ZBTB38 gene knockdown Human neuroblastoma cells Raw sequence reads. Homo sapiens

Transcription factor ZBTB38 belongs to the zinc finger protein family and contains the typical BTB domains. Only several predicted BTB domain-containing proteins encoded in the human genome have been functionally characterized. No relevant studies have been reported concerning the effect of down-regulated ZBTB38 gene expression on tumor cells through transcriptome analysis. In the present study, 2,438 differentially expressed genes in ZBTB38-/- SH-SY5Y cells were obtained via high-throughput transcriptome sequencing analysis, 83.5% of which was down-regulated. Furthermore, GO functional clustering and KEGG pathway enrichment analysis of these differentially expressed genes (DEGs) revealed that the knocked-down transcription factor ZBTB38 interacted with p53 and arrested cell cycles to inhibit the proliferation of the tumor cells. Besides, it also significantly down-regulated the expressions of PTEN, a "molecular switch" of the PI3K/Akt signaling pathway, and RB1CC1, the key gene for autophagy initiation, and blocked autophagy to accelerate the apoptosis of tumor cells. ZBTB38-/- SH-SY5Y cells were investigated at the whole transcriptome level and key DEGs were screened in the present study, providing a theoretical foundation for exploring the molecular mechanism of inhibition of tumor cell proliferation and targeted anti-tumor therapies.

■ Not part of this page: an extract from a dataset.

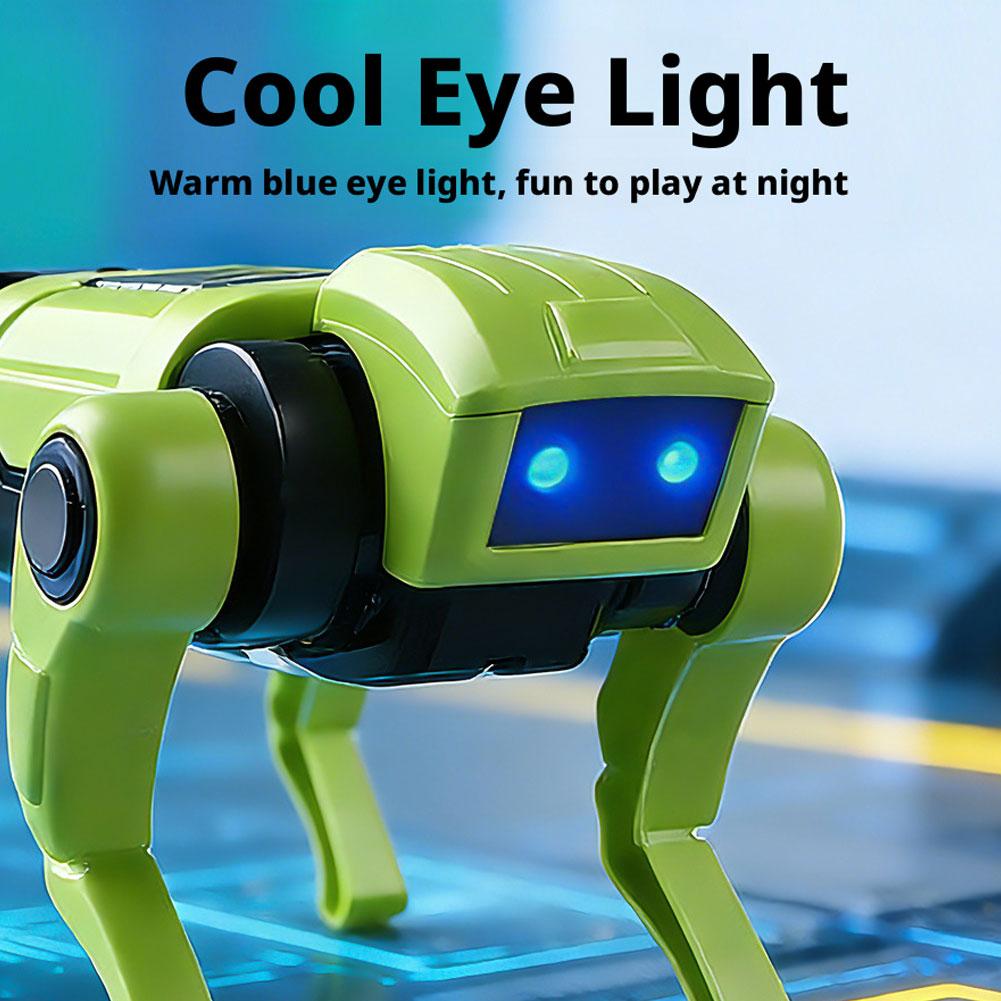 DIY Assembly RC Robot Dog Toy  - Science Project Robot incelemesi ve fiyatı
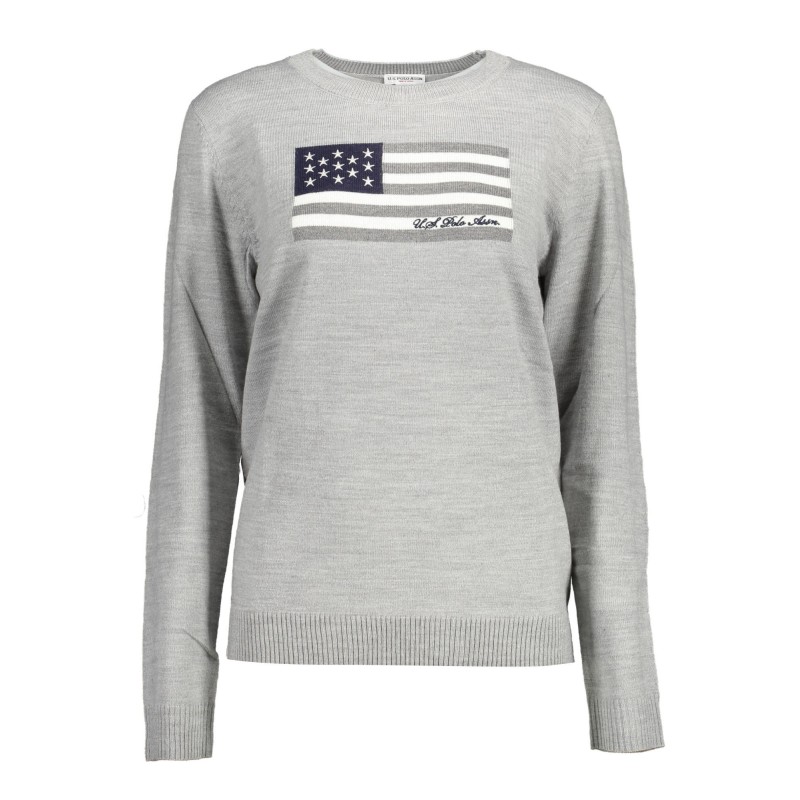 U.S. POLO MAGLIA DONNA GRIGIO U.S. POLO MAGLIA DONNA GRIGIO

转录因子ZBTB38（Transcription factor ZBTB38）隶属于锌指蛋白家族，携带有典型的BTB结构域（BTB domain）。目前人类基因组中仅有数个预测的含BTB结构域的蛋白完成了功能鉴定。尚未有研究通过转录组分析报道下调ZBTB38基因表达对肿瘤细胞的相关影响。本研究通过高通量转录组测序分析，在ZBTB38基因敲除的SH-SY5Y细胞中筛选得到2438个差异表达基因（differentially expressed genes, DEGs），其中83.5%的基因表达量呈下调趋势。对上述差异表达基因进行GO功能聚类分析与KEGG通路富集分析后发现，敲低转录因子ZBTB38可与p53产生相互作用，阻滞细胞周期进程以抑制肿瘤细胞增殖。此外，该因子还可显著下调PI3K/Akt信号通路的“分子开关”PTEN的表达，以及自噬起始关键基因RB1CC1的表达，进而阻断细胞自噬过程，加速肿瘤细胞凋亡。本研究在全转录组水平对ZBTB38基因敲除的SH-SY5Y细胞进行了系统分析，筛选得到关键差异表达基因，为探索肿瘤细胞增殖抑制的分子机制及靶向抗肿瘤治疗提供了理论基础。